Raw data:

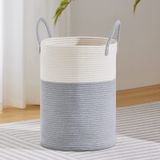Cesto De Roupa Suja Viposco Large Woven Rope 58l Cinza E Branco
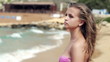 Pensive woman on the beach, super slow motion, shot at 240fps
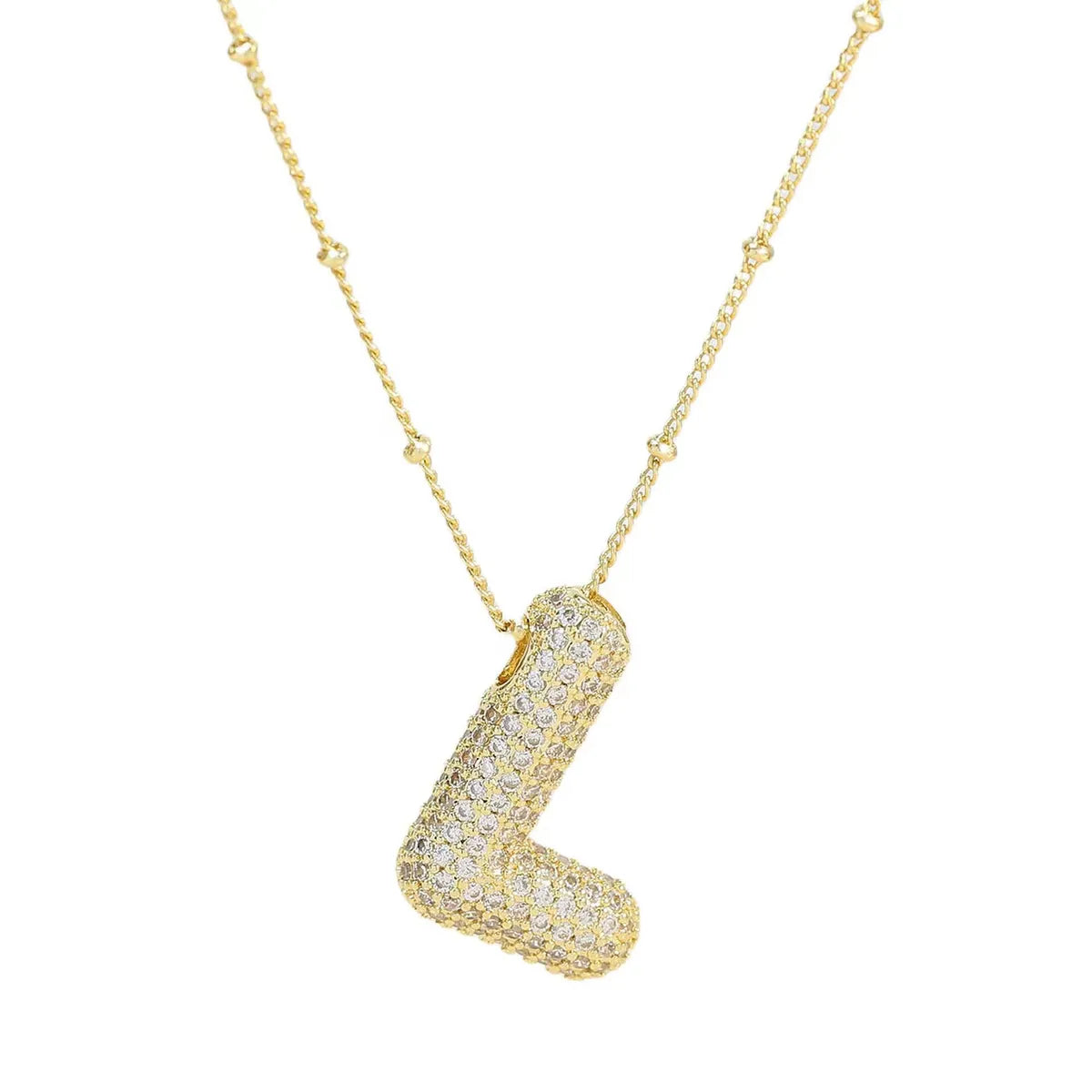 Wholesale Casual Hip-Hop Rock Letter 304 Stainless Steel Copper Inlay 18K Gold Plated Zircon Pendant Necklace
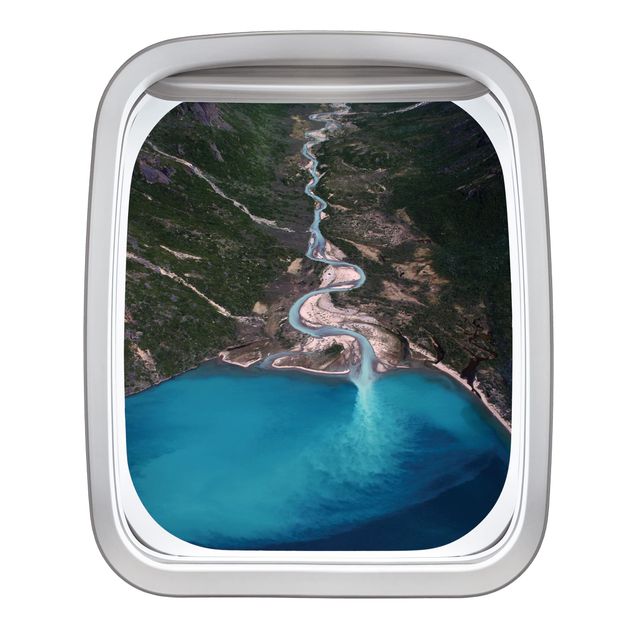 Wandaufkleber Fenster Flugzeug Fluss in Grönland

Assigned task:
Starting at the line that holds "Pensive woman on", repeat every line through the end of the listing exactly as written, skipping any picture.

Written response:
 Pensive woman on the beach, super slow motion, shot at 240fps
 Wholesale Casual Hip-Hop Rock Letter 304 Stainless Steel Copper Inlay 18K Gold Plated Zircon Pendant Necklace
 Wandaufkleber Fenster Flugzeug Fluss in Grönland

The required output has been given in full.